Jim Duffy | April 23, 2014
The future of Arista Networks, the hot data center switching company that just filed to go public, could rest in the outcome of a lawsuit filed against it by one of its founders.

The future of Arista Networks, the hot data center switching company that just filed to go public, could rest in the outcome of a lawsuit filed against it by one of its founders.

Optumsoft, a stealth software company founded by Arista co-founder and Stanford professor David Cheriton is suing Arista for breach of contract, misappropriation of trade secrets and declaratory relief involving what is essentially the essence of Arista's product line: the Extensible Operating System (EOS) on its switches. Optumsoft filed its complaint in Santa Clara County, Calif., superior court on April 4, the week after Arista filed its $200 million initial public offering.

Arista foreshadowed the conflict in its S-1 IPO filing with the SEC. At that time, a complaint had not been filed by Optumsoft against Arista.

+MORE ON NETWORK WORLD:How Arista Networks got out in front of the SDN craze+

At issue is technology Arista licensed royalty-free from Optumsoft for EOS called TACC Types, Attributes and Constraints Compiler. TACC is a platform for developing modular or distributed applications or systems, a key functionality Arista markets as a differentiator for EOS.

In its suit, Optumsoft claims ownership of "improvements, corrections or modifications to" TACC, as well as any "derivative works thereof, made by or for" Arista involving TACC, such as EOS.

TACC includes a system database (SysDB) and agents for copying, collecting and distributing system state.
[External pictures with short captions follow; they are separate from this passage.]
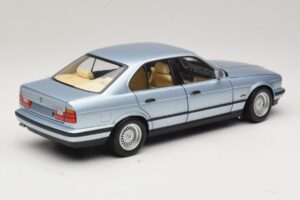 BMW 535i E34 Bleu Clair Métallisé Minichamps 1:18 100024007 Métal Moulé — image 3 sur 8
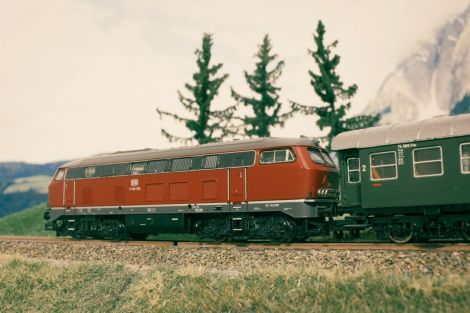 Der aus Umbauwagen gebildete Personenzug (heute PmG) geht kurz darauf wieder auf die Strecke…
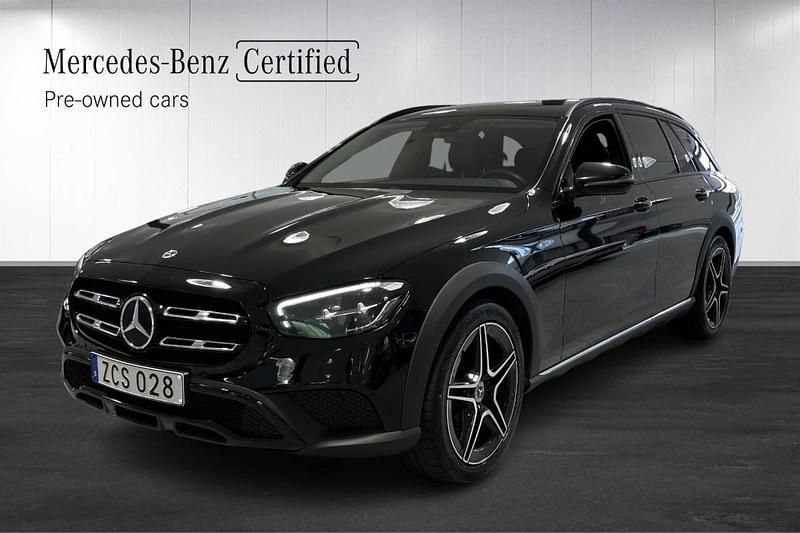 Svart (black) Begagnad 2021 Mercedes E220 Kombi | 369 900 kr (Lite dyr) - Bild 1/4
TACC is intended to enable efficient development of high performance distributed applications with fewer lines of code, fewer bugs and faster time-to-market all attributes of EOS of which, Arista says, SysDB is the core.

But in a countersuit filed April 14 in the same Santa Clara County court, Arista claims it developed SysDB for EOS and did not license it from Optumsoft. All Arista licensed was the software development tools in TACC to build EOS internally, including SysDB. "Optumsoft now claims rights in elements of a software package developed by Arista called SysDB,' which is part of EOS," the Arista countersuit states. "This claim is directly refuted by Cheriton's pre-litigation conduct showing Optumsoft's awareness that Arista owns SysDB."
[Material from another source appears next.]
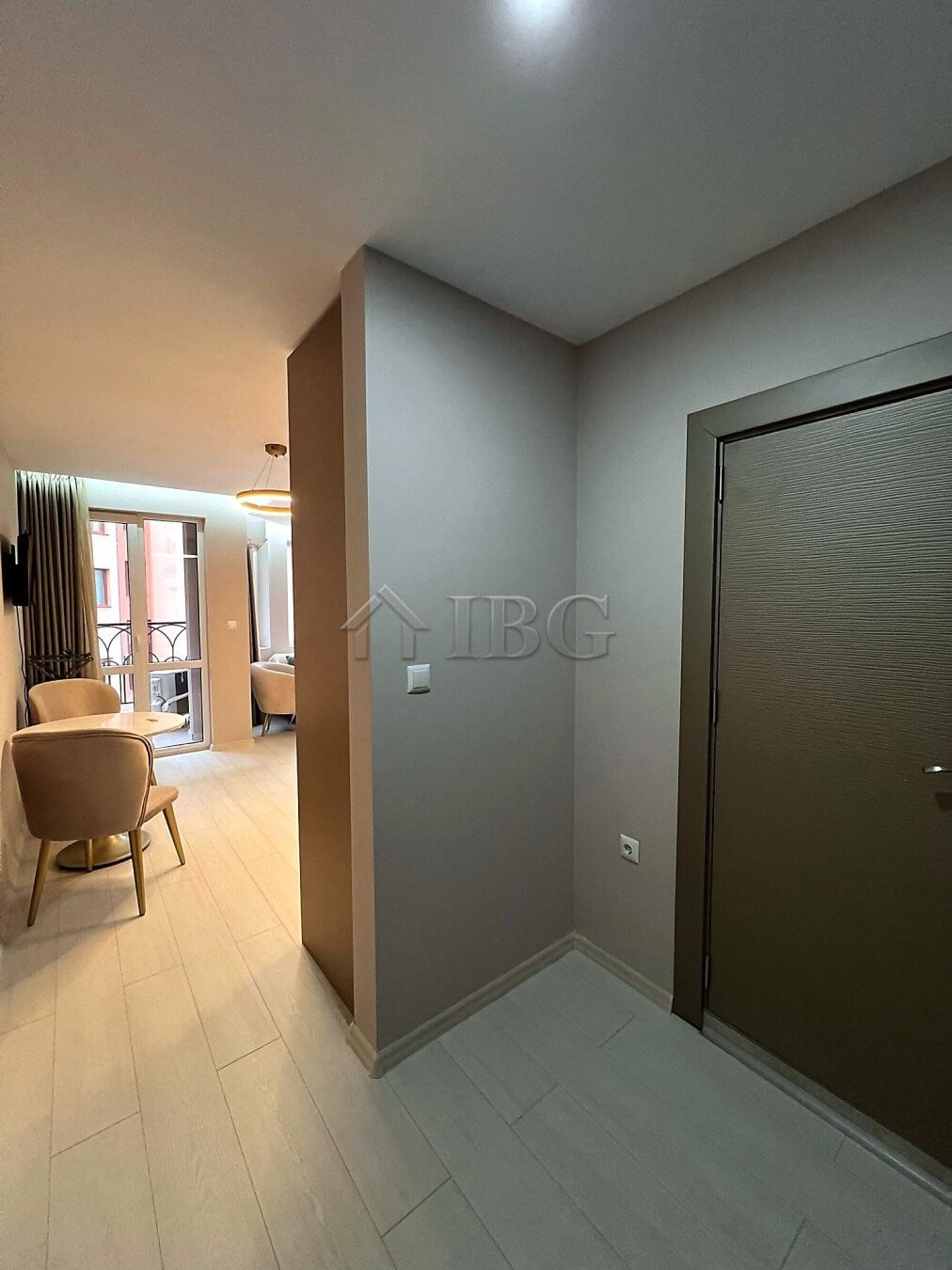 Furnished studio with balcony in a new complex at Sunny Beach, featuring contemporary decor and spac.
As an example, the countersuit describes a 2008 interaction between Cheriton and Arista in which Cheriton encouraged Arista to license SysDB to a third-party company called Aster Data, while Optumsoft separately licensed TACC to Aster Data at about the same time.
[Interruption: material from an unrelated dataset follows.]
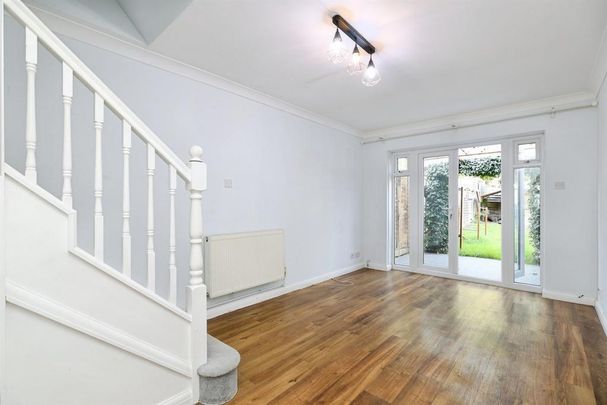 2 bedroom property to rent - Photo 1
"Optumsoft would not have asked Arista to license SysDB to Aster Data in 2008 unless Optumsoft believed that Arista, and not Optumsoft, owned SysDB," the Arista countersuit states. "Indeed, under Optumsoft's current theory that Optumsoft owns SysDB under the terms of the 2004 Agreement, Optumsoft's license to Aster Data of the TACC tool would have already encompassed SysDB, making a second license from Arista redundant (and ineffective)."